Tags: faq freq

Why does my TFR contain NaNs?

Spectro-temporal reconstruction algorithms aim to achieve the following: A time series is converted into a ‘series’ of ‘time series’ containing the temporal course of amplitude and phase (or power) at a series of frequencies. Irrespective of the algorithm used, this always boils down to sliding a window through the original time series and estimating the quantities of interest at pre-specified time points. Equivalently, one can convolve with a bandpass-filter kernel, or a wavelet. In order to get a good estimate of the quantities of interest, the sliding window should be completely filled with data (or the convolution-kernel should completely overlap with data). Either way, if the pre-specified time points of interest are close to the boundaries of the original time series, NaNs will appear in the output of the TFR-analysis, because there is insufficient data at these locations.

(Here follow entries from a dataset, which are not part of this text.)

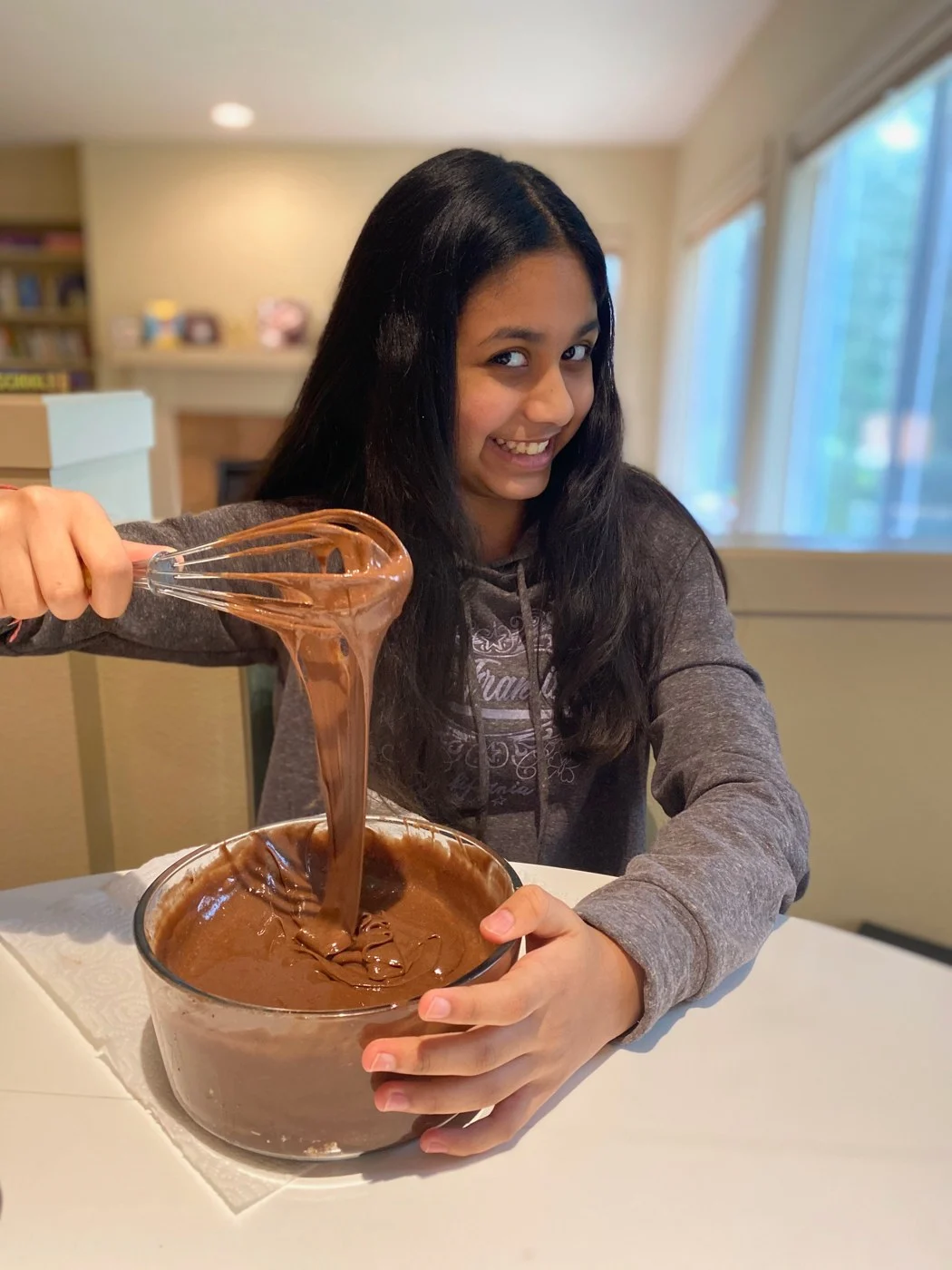 Lifting a whisk to show chocolate batter falling into a glass bowl.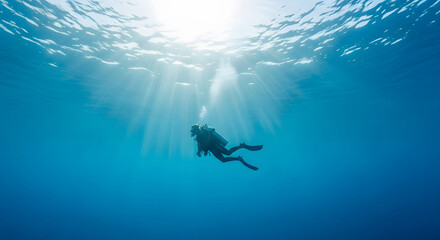 Scuba diver swimming deep underwater with sun rays shining throu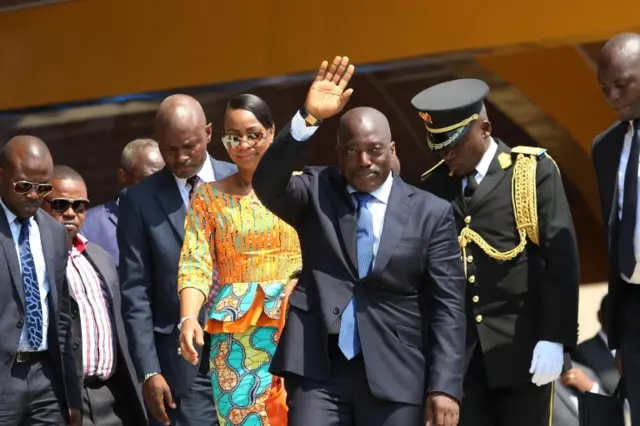 Congolese President Joseph Kabila, center, waves as he and others celebrate the Democratic Republic of Congo, DRC, independence in Kindu, Congo, Thursday, June 30, 2016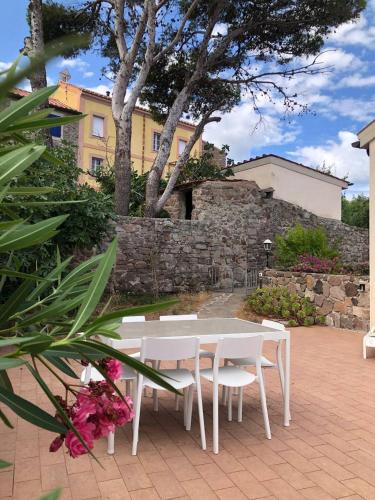 a white table and chairs on a patio at Casa Rais Dragut in Capraia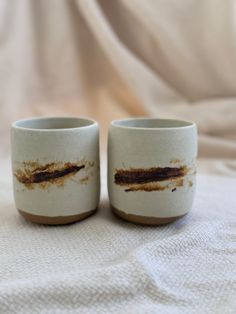 two coffee mugs sitting on top of a bed covered in white sheets and dirt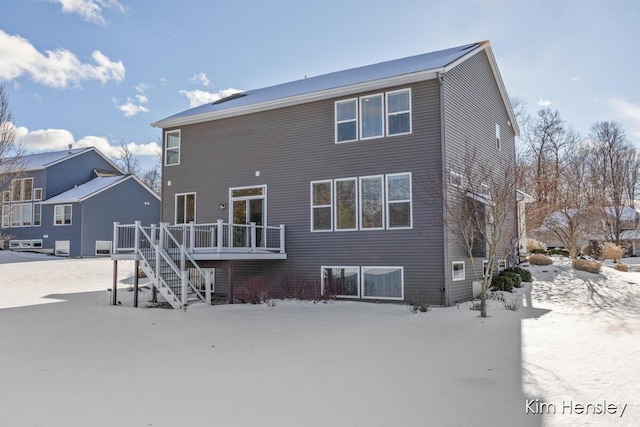 snow covered house featuring a wooden deck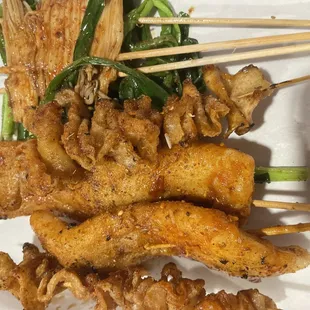 Chicken skin, enoki mushroom, rice cakes, and chives.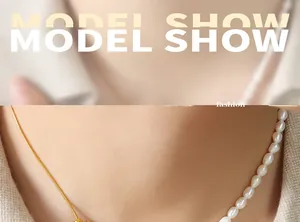 Detail of layered gold snake chain and natural freshwater pearls on a female model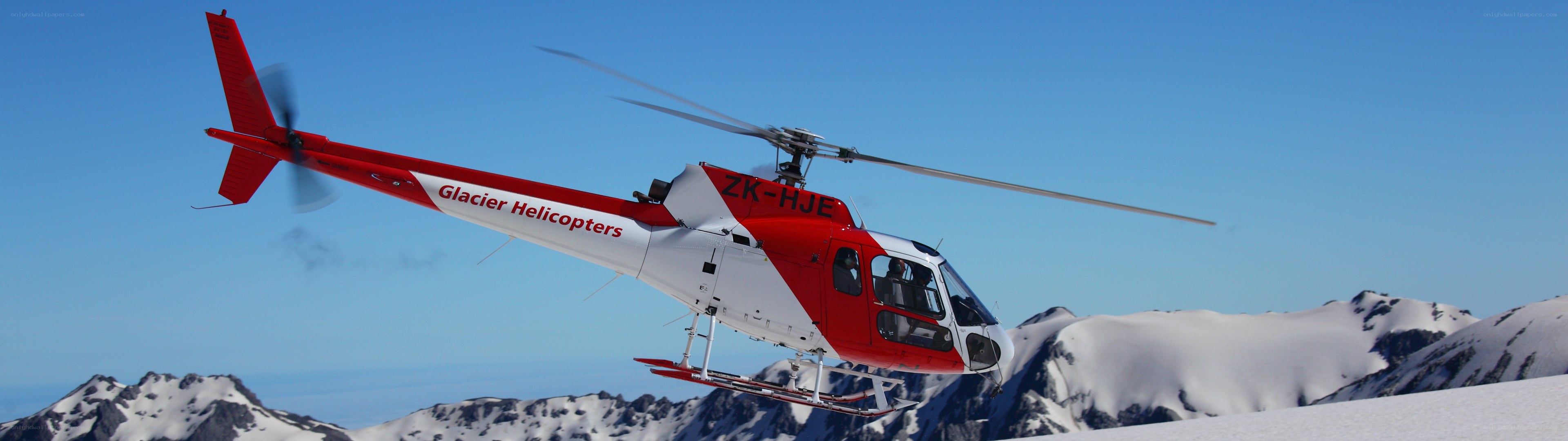 Helicopter over snowy mountains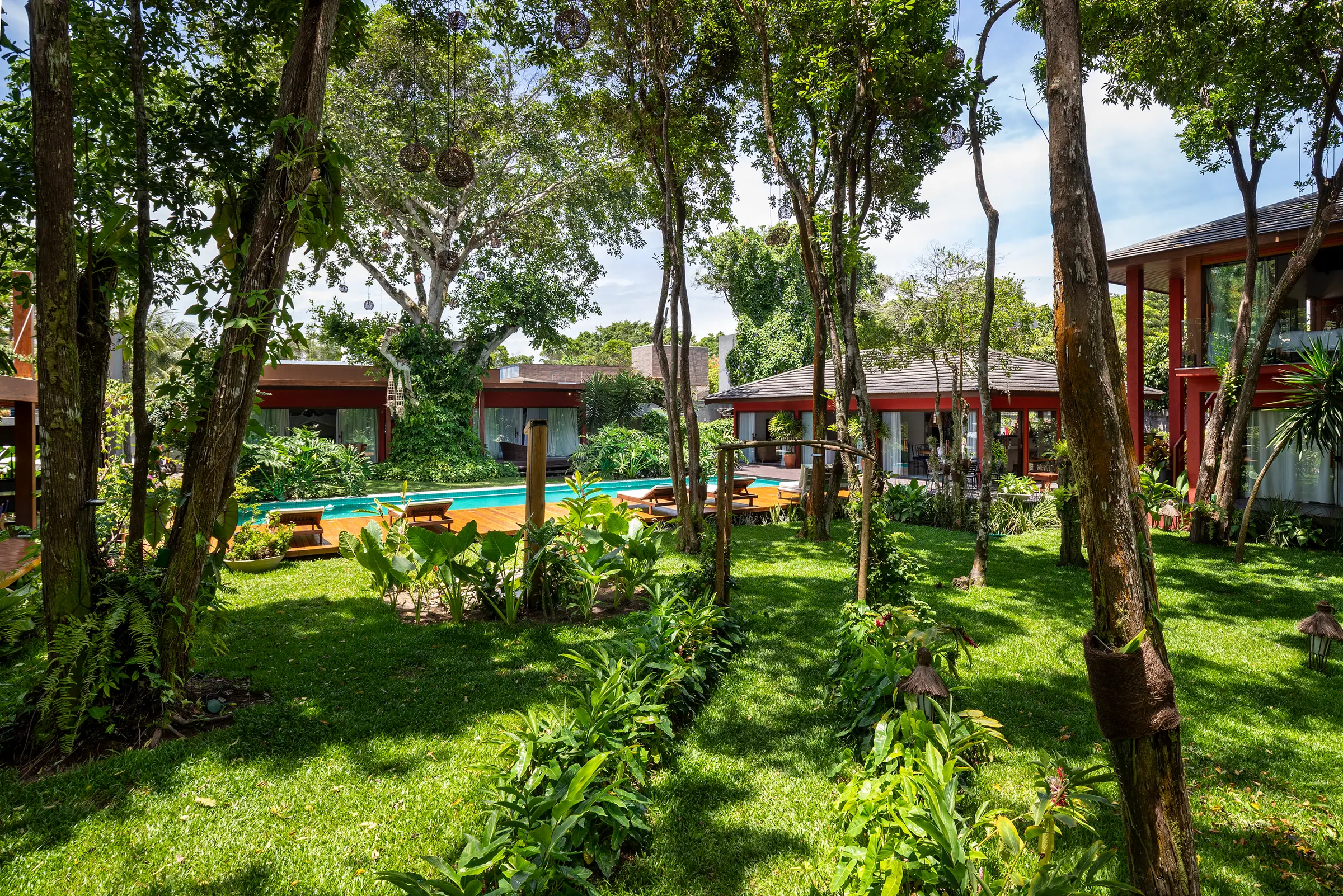 Vista do jardim ao nível do chão, em direção à piscina, às suítes e à casa da piscina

Practically this means that if your data is defined e.g., between -1 and +1 seconds, and using a cfg.t_ftimwin of 0.5 seconds, mtmconvol will only give non-NaN output only between -0.75 and 0.75 seconds. Similarly, when you use cfg.method='wavelet' using a width parameter that is a fixed number of cycles (per frequency) you may obtain a U-shaped TFR that is a direct consequence of the fact that the integration window of the wavelet convolution scales with the inverse of the frequency.